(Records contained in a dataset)

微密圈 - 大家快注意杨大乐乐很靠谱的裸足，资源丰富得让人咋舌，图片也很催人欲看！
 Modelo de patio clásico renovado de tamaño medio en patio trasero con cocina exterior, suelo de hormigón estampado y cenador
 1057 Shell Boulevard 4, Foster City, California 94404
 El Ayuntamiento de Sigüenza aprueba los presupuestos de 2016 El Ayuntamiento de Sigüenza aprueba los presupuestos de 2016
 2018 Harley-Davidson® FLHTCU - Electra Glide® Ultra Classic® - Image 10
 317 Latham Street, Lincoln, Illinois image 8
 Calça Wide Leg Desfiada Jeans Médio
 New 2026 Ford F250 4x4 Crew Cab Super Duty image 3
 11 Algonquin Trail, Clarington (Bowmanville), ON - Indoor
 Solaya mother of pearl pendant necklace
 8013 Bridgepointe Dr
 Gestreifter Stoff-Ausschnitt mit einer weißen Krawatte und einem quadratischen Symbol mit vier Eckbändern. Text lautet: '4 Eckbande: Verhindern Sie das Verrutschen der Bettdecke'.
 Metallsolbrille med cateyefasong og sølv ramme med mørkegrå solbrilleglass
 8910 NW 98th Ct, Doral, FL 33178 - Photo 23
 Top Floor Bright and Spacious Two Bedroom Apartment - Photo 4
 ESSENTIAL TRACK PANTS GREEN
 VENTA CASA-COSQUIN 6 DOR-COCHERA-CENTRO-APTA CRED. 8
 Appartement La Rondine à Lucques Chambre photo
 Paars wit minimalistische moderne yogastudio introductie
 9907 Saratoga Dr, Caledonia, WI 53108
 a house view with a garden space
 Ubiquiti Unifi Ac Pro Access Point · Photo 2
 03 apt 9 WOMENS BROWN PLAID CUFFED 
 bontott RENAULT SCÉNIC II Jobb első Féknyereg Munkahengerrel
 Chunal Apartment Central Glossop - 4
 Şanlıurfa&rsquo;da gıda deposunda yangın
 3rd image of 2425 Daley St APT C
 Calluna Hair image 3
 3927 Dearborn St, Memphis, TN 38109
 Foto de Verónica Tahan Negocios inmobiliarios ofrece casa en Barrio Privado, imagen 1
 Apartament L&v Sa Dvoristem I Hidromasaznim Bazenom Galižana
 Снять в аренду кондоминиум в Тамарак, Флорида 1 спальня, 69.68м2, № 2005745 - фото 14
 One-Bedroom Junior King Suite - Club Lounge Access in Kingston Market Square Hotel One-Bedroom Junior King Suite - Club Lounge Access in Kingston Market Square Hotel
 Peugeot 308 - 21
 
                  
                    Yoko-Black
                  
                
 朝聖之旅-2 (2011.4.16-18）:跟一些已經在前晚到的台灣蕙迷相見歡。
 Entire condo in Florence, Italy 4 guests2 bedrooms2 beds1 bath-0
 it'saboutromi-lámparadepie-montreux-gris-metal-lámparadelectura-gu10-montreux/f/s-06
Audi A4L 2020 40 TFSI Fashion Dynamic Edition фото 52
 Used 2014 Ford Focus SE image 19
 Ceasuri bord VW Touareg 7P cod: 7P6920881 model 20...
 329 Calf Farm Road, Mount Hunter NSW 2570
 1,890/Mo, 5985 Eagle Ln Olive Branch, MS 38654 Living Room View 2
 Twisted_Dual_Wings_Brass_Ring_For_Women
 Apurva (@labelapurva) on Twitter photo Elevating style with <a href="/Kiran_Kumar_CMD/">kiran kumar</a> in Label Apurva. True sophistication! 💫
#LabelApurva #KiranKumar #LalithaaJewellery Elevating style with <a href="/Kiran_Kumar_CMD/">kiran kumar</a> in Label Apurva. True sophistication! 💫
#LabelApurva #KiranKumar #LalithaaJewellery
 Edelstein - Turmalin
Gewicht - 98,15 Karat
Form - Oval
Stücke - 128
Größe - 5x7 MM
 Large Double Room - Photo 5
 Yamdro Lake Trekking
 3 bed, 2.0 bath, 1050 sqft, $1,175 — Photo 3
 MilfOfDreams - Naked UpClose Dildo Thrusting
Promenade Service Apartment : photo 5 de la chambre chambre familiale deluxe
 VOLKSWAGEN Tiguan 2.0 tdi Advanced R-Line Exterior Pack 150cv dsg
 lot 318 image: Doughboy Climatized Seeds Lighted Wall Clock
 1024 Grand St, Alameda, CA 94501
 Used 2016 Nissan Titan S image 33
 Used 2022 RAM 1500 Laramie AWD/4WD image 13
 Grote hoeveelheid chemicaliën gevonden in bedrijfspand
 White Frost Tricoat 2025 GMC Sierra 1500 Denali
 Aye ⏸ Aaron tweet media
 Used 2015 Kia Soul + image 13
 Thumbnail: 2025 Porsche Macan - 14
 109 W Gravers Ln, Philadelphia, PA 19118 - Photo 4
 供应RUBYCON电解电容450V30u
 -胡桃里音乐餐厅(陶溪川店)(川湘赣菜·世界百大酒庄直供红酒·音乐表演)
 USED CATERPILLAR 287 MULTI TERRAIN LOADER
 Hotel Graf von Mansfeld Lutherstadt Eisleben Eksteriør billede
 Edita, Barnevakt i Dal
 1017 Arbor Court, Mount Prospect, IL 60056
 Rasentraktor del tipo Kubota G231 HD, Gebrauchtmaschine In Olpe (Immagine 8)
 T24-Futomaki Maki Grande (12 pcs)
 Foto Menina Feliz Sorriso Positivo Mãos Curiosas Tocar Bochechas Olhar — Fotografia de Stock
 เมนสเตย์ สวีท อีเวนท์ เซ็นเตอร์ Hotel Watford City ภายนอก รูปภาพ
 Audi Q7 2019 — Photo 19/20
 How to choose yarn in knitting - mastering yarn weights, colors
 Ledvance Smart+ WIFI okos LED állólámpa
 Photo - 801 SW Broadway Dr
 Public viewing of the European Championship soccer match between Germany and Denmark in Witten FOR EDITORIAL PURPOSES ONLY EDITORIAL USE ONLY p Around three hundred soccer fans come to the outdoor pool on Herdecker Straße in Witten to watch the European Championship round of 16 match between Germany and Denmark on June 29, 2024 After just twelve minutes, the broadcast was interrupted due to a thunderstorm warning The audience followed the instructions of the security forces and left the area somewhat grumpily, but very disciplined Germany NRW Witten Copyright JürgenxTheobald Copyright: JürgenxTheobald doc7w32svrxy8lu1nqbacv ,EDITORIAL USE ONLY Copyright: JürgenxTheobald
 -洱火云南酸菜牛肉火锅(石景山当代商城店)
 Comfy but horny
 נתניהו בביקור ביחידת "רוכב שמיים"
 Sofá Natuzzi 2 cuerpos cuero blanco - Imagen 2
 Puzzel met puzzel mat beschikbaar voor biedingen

■ **WORK ITEM**
Please give back, exactly as it stands above, the stretch from the line with "Grote hoeveelheid chemicaliën" through the line with "Photo - 801 SW Broadway Dr", and no line outside it.

■ **ANSWER FOR THE TASK**
 Grote hoeveelheid chemicaliën gevonden in bedrijfspand
 White Frost Tricoat 2025 GMC Sierra 1500 Denali
 Aye ⏸ Aaron tweet media
 Used 2015 Kia Soul + image 13
 Thumbnail: 2025 Porsche Macan - 14
 109 W Gravers Ln, Philadelphia, PA 19118 - Photo 4
 供应RUBYCON电解电容450V30u
 -胡桃里音乐餐厅(陶溪川店)(川湘赣菜·世界百大酒庄直供红酒·音乐表演)
 USED CATERPILLAR 287 MULTI TERRAIN LOADER
 Hotel Graf von Mansfeld Lutherstadt Eisleben Eksteriør billede
 Edita, Barnevakt i Dal
 1017 Arbor Court, Mount Prospect, IL 60056
 Rasentraktor del tipo Kubota G231 HD, Gebrauchtmaschine In Olpe (Immagine 8)
 T24-Futomaki Maki Grande (12 pcs)
 Foto Menina Feliz Sorriso Positivo Mãos Curiosas Tocar Bochechas Olhar — Fotografia de Stock
 เมนสเตย์ สวีท อีเวนท์ เซ็นเตอร์ Hotel Watford City ภายนอก รูปภาพ
 Audi Q7 2019 — Photo 19/20
 How to choose yarn in knitting - mastering yarn weights, colors
 Ledvance Smart+ WIFI okos LED állólámpa
 Photo - 801 SW Broadway Dr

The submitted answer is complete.